We can assume that they have no `death_date`, isn't?

In [8]:
db["leaders"].find({"death_date": None}, {"last_name":1, "first_name":1, "country":1})

<pymongo.cursor.Cursor at 0x7f9a2eb64980>

As you see the `find` command returns a cursor. No worries we can process it by using a simple Python loop!

In [9]:
for leader in db["leaders"].find({"death_date": None}, {"last_name":1, "first_name":1, "country":1}):
    print(f"{leader['first_name']} {leader['last_name']} ({leader['country']})")

Vladimir Putin (ru)
George Bush (us)
Donald Trump (us)
Jimmy Carter (us)
Dmitry Medvedev (ru)
Mohammed None (ma)
Bill Clinton (us)
Joe Biden (us)
Guy Verhofstadt (be)
Yves Leterme (be)
Herman Van Rompaey (be)
Mohammed None (ma)
Elio Di Rupo (be)
Mohammed None (ma)
Mark Eyskens (be)
Alexander De Croo (be)
Sophie Wilmès (be)
Barack Obama (us)
François Hollande (fr)
Nicolas Sarkozy (fr)
Emmanuel Macron (fr)
Charles Michel (be)
Mohammed None (ma)
Donald Trump (us)
Jimmy Carter (us)
Barack Obama (us)
Vladimir Putin (ru)
Mohammed None (ma)
George Bush (us)
Mohammed None (ma)
Dmitry Medvedev (ru)
Guy Verhofstadt (be)
Yves Leterme (be)
Herman Van Rompaey (be)
Bill Clinton (us)
Mark Eyskens (be)
Elio Di Rupo (be)
Charles Michel (be)
François Hollande (fr)
Sophie Wilmès (be)
Nicolas Sarkozy (fr)
Joe Biden (us)
Alexander De Croo (be)
Emmanuel Macron (fr)
Mohammed None (ma)
Mohammed None (ma)
Mohammed None (ma)
Dmitry Medvedev (ru)
Barack Obama (us)
George Bush (us)
Bill Clinton (us)
Joe Biden (us

**6. Let's now insert the leader of tomorrow: you?**

As you know, MongoDB is flexible. It means that you can add entries although some fields are missing. Let's give a try:

In [10]:
you = {
    'first_name': 'ADD HERE YOUR FIRST NAME',
    'last_name': 'ADD HERE YOUR LAST NAME',
    'birth_date': 'ADD HERE YOUR BIRTH DATE',
    'country': 'ADD HERE YOUR COUNTRY CODE'
}
db["leaders"].insert_one(you)

InsertOneResult(ObjectId('66bf6aaa04f60ace1419f1dd'), acknowledged=True)

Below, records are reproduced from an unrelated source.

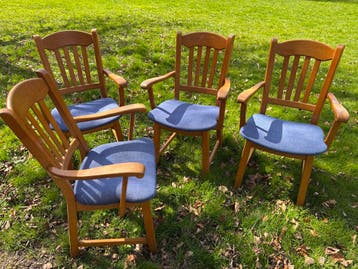Set van 4 houten stoelen met blauwe bekleding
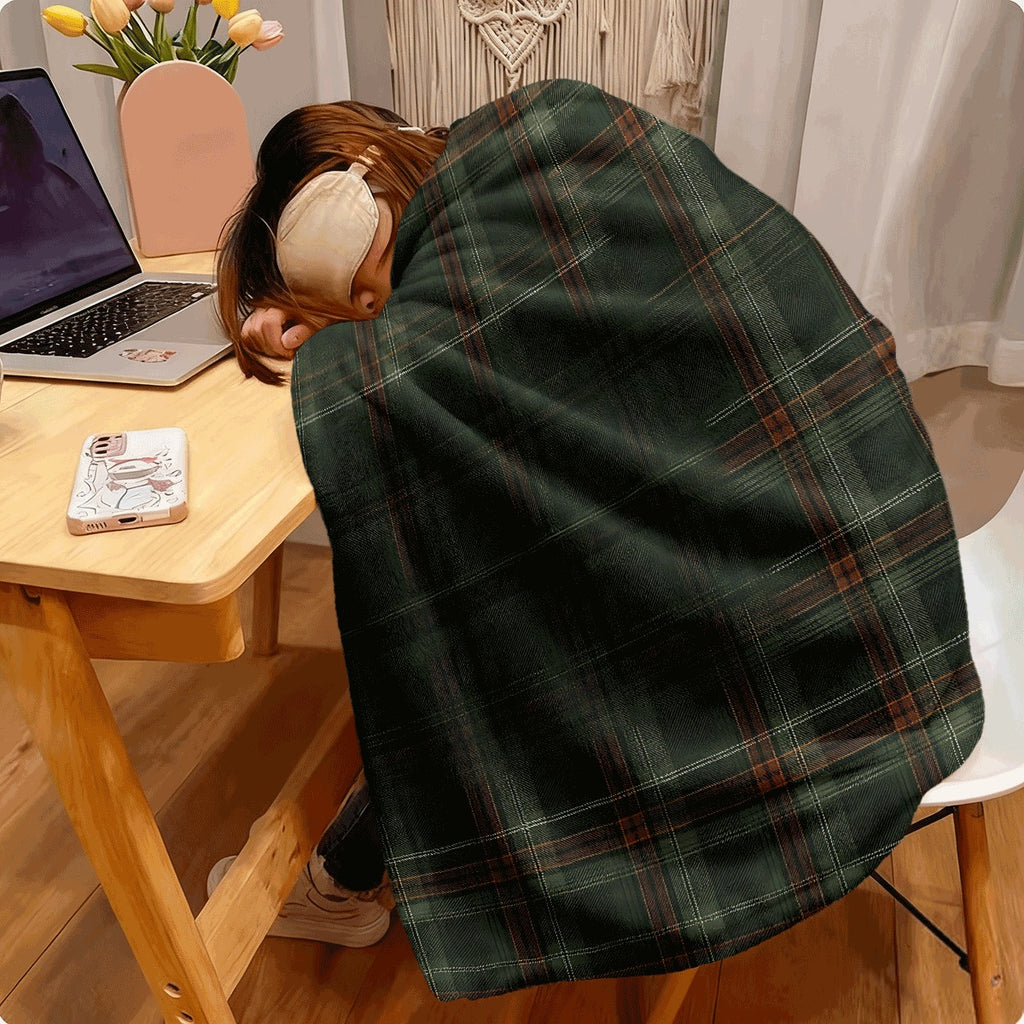 1pc Green And Brown Plaid Pattern Flannel Blanket Classic Checkered Design Soft Warm Throw for Sofa Cozy All-Season Plaid Flannel Material Retro Style Home Decor Accessory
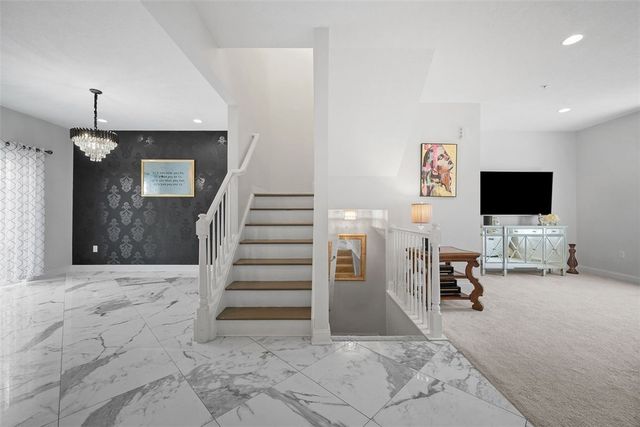 2890 E May Street, Castle Shannon, PA 15234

Let's have a look to your data!

In [11]:
db["leaders"].find_one({"first_name": "ADD HERE YOUR FIRST NAME"})

{'_id': ObjectId('66bf6aaa04f60ace1419f1dd'),
 'first_name': 'ADD HERE YOUR FIRST NAME',
 'last_name': 'ADD HERE YOUR LAST NAME',
 'birth_date': 'ADD HERE YOUR BIRTH DATE',
 'country': 'ADD HERE YOUR COUNTRY CODE'}

We can observe two things here:
- A field `_id` has been automatically added by Mongo. This field is incremental. That means that it will always be higher than the previous element of the collection.
- Some fields are missing (the `place_of_birth` for instance). This is a property of NoSQL. All fields are not mandatory!

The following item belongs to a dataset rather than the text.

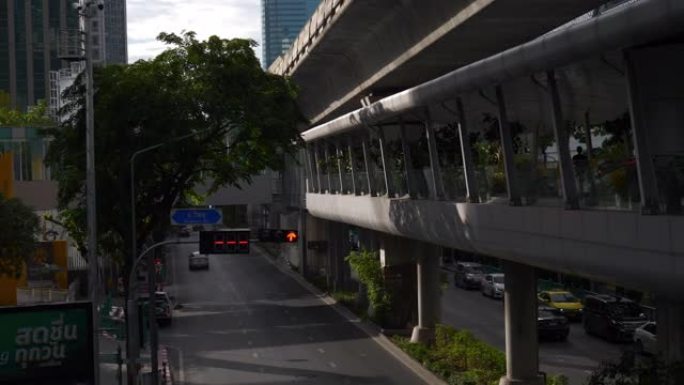 曼谷市中心交通街路桥顶部慢动作全景4k泰国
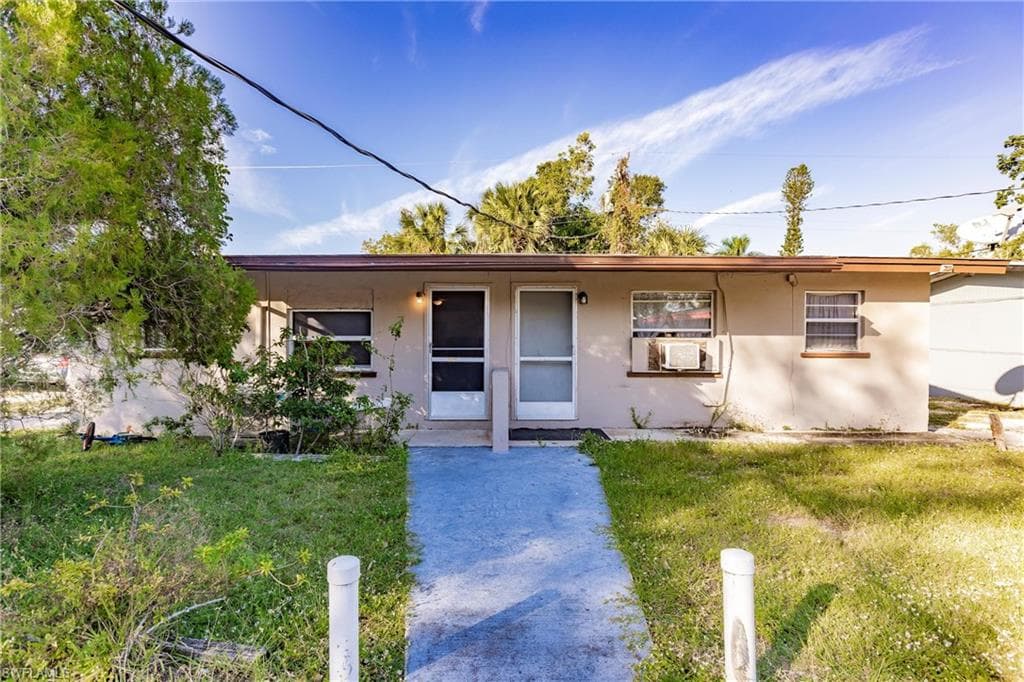 2643-2651 Lafayette ST FORT MYERS, FL 33916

We can check missing values by using the query `{"$exists":False}`:

In [12]:
for leader in db["leaders"].find({"place_of_birth":{"$exists":False}}):
    print(leader)

{'_id': ObjectId('66bf6aaa04f60ace1419f1dd'), 'first_name': 'ADD HERE YOUR FIRST NAME', 'last_name': 'ADD HERE YOUR LAST NAME', 'birth_date': 'ADD HERE YOUR BIRTH DATE', 'country': 'ADD HERE YOUR COUNTRY CODE'}


### Update data

Since your place of birth is missing in the data, let's add it now. The update function has two main arguments:
- a query that will select the entries to update
- an update operation. As always, it is formatted as a dictionary

In [13]:
db["leaders"].update_one({"first_name": "ADD HERE YOUR FIRST NAME"}, {"$set": {"place_of_birth": "ADD HERE YOUR PLACE OF BIRTH"}})

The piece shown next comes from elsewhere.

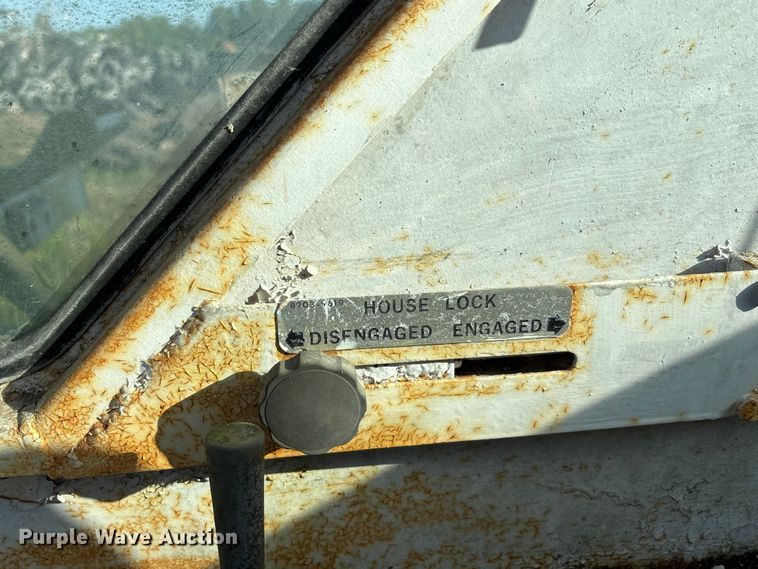 image for item EA7503 1984 Badger 4450 Series B crane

UpdateResult({'n': 1, 'nModified': 1, 'ok': 1.0, 'updatedExisting': True}, acknowledged=True)

#### Remove data

Your dream is over ;-) Since you will not be a leader of tomorrow, we will remove you from the collection. The `delete` (or `delete_one`) function has one main argument: the query that will select the entries to be removed.

In [14]:
db["leaders"].delete_one({"first_name": "ADD HERE YOUR FIRST NAME"})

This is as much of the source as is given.